Добавить в цитаты Настройки чтения

Страница 31 из 74

— Завтр-рау, — приоткрыв синий глаз, сообщает кот, прерывая словесный поток. А я, как разогнавшийся локомотив, не могу сразу затормозить:

— А ещё есть Глория, и дон Куадро, и Васюта, с которым бабушка собиралась переговорить… Что?

— Я сказал — завтр-рау. Я научу тебя пользоваться зеркалоум. Любым. Но только уговор: час пр-росмотрау в день. Не большеу.

— Тим-Тим! — начинаю вкрадчиво.

— Я непоудкупен!

И переворачивается на спину, подставляя солнечным лучам, пробивающимся сквозь листву, великолепное тугое и мохнатое пузо. Я не сдаюсь.

— А если… если я… если мы с твоей помощью перенесём сюда девочек? Представляешь, как они обрадуются? Они будут гладить и восхвалять тебя день и ночь!

Кот внезапно переворачивается и садится. Спрашивает взволнованно:

— А они пр-ринесут с собой чучундр-риков?

— Да наделают прямо тут, сколько угодно.

— А… мышку, мою хор-рошенькую такую, мою любименькую кр-расненькую мышку? Я однажды загнал её под ковёр-р и всё никак не мог достауть, а вы никто меня не поняли, когда я пр-росил помочь! Пр-ринесут мышку?
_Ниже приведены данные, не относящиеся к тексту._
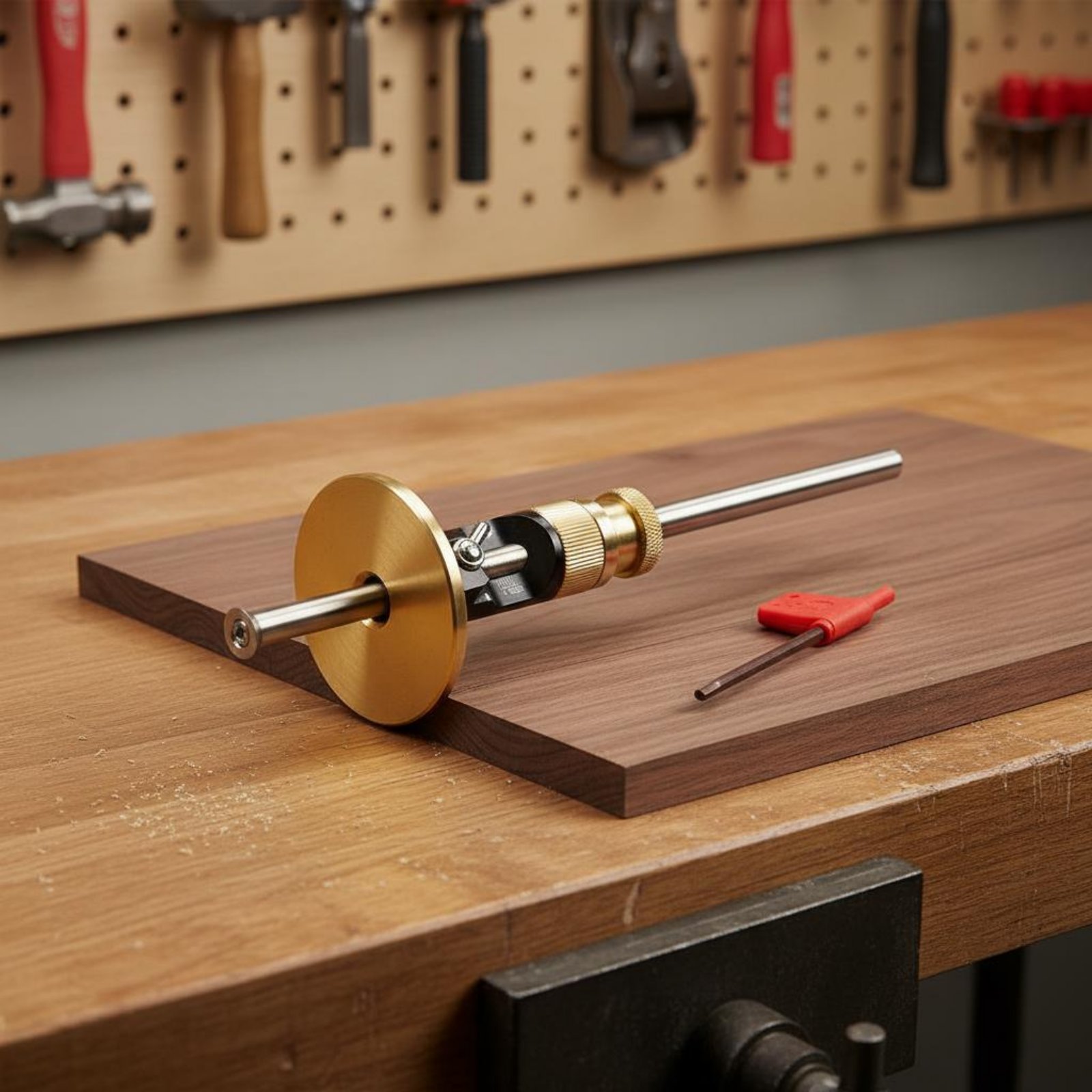 Precyzyjny przymiar traserski, – Marking Gauge Tool recenzja i cena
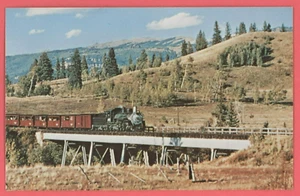 Cumbres Toltec Lobato Trestle Chama New Mexico Narrow Gauge Railroad Postcard - Imagen 1 de 2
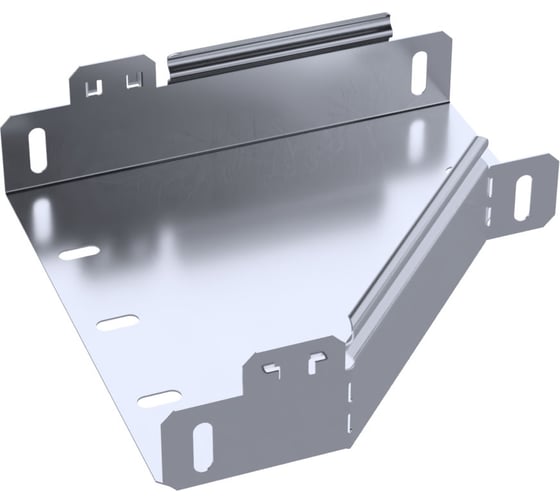 Переходник левый Промрукав Стандарт INOX (AISI 316) 200х100х50 (0,7 мм) PR16.5531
— Вспомни, где ты её потерял, и они найдут, непременно!

— И мячик?

— И мячик, — соглашаюсь я. — Добавишь время у зеркала?

Он фыркает.

— Вот ещё! Хозяин я своему слову или нет? Добавлю Маше или Соне за их подар-рки, пусть смотр-рят и учатся. А ты пр-росто пр-роверишь, как у них получается. А то от тебя снега зимой не дождёшься! Даже бантик не навязала на вер-рёвочку, бедному сироте поигр-раться…

***11.2

«Ма!»

Из состояния лёгкой дремоты меня выводит испуганный вскрик Рикки.

«Ма! Тут странное!»

К счастью, ива, на которой мы с Тимычем пристроились, достаточно стара и широка, а то от неожиданности, да ещё со сна, я так с неё и кувыркнулась бы. Тут хоть и мелко, а в том, чтобы вымокнуть, хорошего мало. Переведя дух, пытаюсь осмыслить, что, собственно, происходит. Не иначе, как кидрик во что-то влип. Иначе не воззвал бы ко мне таким образом; он ведь не любит мыслесвязь, предпочитая явиться лично.

«Рикки, мой хороший, что стряслось? Говори быстро, чем помочь и где ты?»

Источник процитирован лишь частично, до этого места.